▶ **Listed entries**:

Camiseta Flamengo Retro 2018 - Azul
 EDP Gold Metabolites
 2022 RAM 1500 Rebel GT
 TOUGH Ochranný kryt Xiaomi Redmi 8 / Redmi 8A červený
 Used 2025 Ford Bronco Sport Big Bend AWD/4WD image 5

▶ **Work instruction**: Your task is to copy exactly, and only, the lines from the line with "EDP Gold Metabolites" through the last line of the entries, both included.

▶ **Answer to the exercise**:
 EDP Gold Metabolites
 2022 RAM 1500 Rebel GT
 TOUGH Ochranný kryt Xiaomi Redmi 8 / Redmi 8A červený
 Used 2025 Ford Bronco Sport Big Bend AWD/4WD image 5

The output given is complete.